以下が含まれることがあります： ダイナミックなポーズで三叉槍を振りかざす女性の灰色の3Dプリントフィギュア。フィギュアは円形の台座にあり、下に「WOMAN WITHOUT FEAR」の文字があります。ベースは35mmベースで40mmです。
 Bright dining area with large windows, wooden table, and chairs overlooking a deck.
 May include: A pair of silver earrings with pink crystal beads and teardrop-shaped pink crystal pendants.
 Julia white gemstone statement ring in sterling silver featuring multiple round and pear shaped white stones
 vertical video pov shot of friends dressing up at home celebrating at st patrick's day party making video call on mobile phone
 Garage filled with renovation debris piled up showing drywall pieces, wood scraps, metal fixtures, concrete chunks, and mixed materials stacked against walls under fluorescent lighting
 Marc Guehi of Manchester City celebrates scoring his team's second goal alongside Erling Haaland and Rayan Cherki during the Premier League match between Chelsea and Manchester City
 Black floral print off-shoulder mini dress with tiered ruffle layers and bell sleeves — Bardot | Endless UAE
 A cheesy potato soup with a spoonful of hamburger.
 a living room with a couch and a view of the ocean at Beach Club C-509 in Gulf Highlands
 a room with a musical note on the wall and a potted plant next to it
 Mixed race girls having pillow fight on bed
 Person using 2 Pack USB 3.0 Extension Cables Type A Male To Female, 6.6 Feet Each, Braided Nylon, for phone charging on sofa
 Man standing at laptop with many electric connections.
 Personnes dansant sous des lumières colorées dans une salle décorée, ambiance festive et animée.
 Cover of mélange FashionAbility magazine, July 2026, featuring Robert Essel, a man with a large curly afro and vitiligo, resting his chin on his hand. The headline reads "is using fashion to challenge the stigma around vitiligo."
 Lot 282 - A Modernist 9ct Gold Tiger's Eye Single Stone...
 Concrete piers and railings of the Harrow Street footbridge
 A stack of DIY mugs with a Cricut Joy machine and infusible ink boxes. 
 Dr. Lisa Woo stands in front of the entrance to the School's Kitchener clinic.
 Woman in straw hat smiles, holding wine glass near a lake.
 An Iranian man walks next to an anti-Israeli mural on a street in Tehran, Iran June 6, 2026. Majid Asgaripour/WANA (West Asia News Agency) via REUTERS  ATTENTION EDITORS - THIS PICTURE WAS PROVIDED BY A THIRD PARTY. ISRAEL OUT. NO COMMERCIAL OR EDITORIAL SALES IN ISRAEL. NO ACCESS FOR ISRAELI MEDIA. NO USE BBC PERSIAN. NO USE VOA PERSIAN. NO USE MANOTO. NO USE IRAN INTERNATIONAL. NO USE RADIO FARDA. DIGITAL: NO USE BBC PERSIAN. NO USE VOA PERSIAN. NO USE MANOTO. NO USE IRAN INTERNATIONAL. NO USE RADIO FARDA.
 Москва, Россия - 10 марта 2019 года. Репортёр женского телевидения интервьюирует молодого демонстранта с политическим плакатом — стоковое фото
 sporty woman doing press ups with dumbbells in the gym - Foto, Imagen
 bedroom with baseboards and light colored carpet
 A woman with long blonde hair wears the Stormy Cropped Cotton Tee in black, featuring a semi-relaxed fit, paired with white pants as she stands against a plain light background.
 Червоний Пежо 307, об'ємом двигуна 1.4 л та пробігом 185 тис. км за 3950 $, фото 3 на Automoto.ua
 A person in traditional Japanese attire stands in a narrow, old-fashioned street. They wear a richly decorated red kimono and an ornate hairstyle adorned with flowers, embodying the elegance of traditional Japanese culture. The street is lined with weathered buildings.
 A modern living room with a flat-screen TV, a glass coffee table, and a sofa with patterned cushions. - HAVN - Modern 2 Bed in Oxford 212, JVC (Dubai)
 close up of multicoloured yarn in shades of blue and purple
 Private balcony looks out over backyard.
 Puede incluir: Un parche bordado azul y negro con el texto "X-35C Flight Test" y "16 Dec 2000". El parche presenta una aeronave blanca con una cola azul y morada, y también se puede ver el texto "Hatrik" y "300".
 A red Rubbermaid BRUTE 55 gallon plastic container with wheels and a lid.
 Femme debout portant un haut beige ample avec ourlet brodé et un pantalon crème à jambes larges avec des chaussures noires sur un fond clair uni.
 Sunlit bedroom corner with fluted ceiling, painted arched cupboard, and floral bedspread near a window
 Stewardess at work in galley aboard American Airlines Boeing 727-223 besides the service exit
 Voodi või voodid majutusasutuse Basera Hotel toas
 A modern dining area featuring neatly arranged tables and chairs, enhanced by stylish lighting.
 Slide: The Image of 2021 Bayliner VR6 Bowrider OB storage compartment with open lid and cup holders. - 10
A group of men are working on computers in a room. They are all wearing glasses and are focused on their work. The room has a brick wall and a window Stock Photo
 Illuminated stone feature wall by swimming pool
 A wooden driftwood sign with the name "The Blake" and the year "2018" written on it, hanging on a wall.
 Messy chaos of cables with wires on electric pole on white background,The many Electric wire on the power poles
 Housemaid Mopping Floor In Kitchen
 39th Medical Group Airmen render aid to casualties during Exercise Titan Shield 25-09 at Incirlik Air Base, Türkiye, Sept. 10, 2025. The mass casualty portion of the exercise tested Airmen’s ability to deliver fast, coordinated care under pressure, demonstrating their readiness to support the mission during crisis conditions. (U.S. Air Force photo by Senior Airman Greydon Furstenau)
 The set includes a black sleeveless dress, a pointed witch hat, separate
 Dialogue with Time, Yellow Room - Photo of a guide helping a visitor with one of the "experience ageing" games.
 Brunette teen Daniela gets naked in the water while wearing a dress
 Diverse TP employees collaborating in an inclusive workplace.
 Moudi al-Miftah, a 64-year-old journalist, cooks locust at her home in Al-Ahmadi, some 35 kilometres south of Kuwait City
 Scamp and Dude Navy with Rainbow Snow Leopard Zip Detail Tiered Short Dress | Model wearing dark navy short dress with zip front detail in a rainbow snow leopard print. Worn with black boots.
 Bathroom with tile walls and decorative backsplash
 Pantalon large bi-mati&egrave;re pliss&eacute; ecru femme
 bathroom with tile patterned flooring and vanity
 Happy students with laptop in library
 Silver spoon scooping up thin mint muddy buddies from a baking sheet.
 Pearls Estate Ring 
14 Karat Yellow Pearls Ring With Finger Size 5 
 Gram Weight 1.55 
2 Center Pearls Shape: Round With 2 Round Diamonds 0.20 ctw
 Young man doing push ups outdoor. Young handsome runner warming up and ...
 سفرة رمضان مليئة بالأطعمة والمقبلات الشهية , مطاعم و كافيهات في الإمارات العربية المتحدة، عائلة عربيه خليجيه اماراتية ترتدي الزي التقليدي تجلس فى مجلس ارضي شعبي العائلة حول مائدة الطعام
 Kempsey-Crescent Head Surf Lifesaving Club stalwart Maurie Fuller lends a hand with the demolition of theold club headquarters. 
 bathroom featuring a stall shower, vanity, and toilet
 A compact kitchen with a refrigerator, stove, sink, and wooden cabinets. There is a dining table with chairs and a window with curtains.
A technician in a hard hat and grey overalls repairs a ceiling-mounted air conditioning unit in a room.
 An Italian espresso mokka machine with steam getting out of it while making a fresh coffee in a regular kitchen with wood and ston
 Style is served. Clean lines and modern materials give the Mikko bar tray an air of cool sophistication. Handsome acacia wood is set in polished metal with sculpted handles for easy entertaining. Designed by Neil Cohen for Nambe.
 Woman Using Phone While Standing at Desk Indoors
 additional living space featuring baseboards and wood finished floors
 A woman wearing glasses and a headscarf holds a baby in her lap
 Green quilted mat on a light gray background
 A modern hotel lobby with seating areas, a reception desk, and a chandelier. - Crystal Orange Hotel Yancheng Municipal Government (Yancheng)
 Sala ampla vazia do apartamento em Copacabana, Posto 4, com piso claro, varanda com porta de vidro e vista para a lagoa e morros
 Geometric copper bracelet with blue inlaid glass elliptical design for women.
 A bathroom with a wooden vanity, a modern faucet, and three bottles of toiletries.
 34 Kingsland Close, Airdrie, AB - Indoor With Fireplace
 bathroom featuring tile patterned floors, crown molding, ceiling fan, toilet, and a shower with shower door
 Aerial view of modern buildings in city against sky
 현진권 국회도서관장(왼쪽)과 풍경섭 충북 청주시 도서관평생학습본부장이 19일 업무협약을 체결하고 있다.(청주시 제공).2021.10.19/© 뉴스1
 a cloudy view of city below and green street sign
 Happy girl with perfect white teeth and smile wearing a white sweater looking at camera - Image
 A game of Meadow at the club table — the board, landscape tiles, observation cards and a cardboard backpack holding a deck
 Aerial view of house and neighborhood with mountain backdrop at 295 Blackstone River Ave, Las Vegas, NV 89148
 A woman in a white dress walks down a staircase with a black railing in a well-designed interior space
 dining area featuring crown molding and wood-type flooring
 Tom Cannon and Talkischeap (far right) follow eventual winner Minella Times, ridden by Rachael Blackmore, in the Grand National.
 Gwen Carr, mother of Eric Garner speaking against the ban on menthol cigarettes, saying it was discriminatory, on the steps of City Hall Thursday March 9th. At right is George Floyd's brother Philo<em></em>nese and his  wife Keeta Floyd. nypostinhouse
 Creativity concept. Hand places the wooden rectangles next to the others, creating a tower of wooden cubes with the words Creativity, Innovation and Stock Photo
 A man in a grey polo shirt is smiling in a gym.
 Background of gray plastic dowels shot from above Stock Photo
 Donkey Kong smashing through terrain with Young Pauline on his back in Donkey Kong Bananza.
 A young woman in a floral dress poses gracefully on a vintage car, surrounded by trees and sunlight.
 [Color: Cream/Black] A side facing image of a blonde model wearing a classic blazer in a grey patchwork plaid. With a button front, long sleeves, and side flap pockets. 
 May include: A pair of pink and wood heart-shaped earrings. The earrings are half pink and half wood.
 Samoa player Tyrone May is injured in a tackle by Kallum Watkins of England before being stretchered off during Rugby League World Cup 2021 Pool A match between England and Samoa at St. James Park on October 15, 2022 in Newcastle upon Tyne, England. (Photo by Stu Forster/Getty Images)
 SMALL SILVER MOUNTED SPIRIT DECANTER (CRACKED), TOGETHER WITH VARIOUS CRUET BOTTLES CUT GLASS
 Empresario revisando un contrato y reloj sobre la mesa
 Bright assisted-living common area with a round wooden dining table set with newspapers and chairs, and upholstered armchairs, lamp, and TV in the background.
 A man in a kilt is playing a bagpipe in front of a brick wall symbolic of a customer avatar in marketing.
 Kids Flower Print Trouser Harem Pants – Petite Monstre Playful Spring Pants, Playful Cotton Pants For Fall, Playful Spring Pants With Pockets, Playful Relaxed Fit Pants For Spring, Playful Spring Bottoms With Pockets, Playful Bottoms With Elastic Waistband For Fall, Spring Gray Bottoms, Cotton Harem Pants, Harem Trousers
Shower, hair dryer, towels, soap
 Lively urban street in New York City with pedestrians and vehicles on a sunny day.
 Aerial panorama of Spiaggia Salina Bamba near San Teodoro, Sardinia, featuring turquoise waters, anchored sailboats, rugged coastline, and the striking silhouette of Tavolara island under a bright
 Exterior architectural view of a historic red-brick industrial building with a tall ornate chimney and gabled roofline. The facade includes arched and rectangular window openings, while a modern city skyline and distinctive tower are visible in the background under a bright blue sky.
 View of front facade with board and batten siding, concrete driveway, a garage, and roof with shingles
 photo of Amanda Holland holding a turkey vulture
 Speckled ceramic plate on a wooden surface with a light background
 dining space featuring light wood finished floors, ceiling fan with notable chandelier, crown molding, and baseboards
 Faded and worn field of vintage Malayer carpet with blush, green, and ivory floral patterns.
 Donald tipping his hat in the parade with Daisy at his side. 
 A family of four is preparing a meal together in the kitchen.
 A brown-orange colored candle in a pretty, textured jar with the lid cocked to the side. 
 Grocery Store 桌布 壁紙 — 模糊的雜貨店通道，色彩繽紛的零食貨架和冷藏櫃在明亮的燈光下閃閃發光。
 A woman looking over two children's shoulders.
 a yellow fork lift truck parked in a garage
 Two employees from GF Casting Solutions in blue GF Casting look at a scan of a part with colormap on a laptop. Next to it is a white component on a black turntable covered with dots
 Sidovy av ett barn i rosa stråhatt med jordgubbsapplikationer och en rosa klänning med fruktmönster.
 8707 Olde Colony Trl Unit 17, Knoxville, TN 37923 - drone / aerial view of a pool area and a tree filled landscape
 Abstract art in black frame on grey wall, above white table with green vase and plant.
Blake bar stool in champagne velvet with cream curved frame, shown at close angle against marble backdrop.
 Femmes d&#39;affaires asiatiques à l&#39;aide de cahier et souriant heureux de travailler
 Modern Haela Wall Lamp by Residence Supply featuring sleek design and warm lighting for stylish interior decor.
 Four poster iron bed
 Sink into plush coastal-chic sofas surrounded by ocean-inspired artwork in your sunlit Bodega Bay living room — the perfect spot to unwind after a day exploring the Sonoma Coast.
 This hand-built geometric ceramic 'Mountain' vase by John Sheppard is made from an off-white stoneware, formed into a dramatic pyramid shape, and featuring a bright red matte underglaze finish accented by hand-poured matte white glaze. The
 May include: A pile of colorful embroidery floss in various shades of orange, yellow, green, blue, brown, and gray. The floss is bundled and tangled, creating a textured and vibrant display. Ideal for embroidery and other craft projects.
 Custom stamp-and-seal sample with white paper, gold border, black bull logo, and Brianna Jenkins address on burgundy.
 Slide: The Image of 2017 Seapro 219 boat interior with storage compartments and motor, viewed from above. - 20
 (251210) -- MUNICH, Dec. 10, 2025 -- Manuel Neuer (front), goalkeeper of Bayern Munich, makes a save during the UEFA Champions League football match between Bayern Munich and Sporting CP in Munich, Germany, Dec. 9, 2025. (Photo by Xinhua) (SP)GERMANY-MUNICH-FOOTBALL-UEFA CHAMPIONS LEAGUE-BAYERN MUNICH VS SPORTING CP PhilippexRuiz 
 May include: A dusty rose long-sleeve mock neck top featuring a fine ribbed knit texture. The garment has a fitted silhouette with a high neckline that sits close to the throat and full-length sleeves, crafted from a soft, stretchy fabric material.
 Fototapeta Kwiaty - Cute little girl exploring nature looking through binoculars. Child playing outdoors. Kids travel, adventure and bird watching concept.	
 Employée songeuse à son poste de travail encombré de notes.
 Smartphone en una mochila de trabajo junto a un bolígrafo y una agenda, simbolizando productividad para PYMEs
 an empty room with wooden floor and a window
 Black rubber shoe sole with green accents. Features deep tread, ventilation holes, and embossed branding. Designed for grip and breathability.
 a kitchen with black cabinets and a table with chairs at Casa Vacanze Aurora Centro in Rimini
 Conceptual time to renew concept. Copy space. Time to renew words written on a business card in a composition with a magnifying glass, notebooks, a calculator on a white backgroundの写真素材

▬▬▬

Lines with the word "employees" in them: report all of these from the listing above.

# [Result of the task]
 Diverse TP employees collaborating in an inclusive workplace.
 Two employees from GF Casting Solutions in blue GF Casting look at a scan of a part with colormap on a laptop. Next to it is a white component on a black turntable covered with dots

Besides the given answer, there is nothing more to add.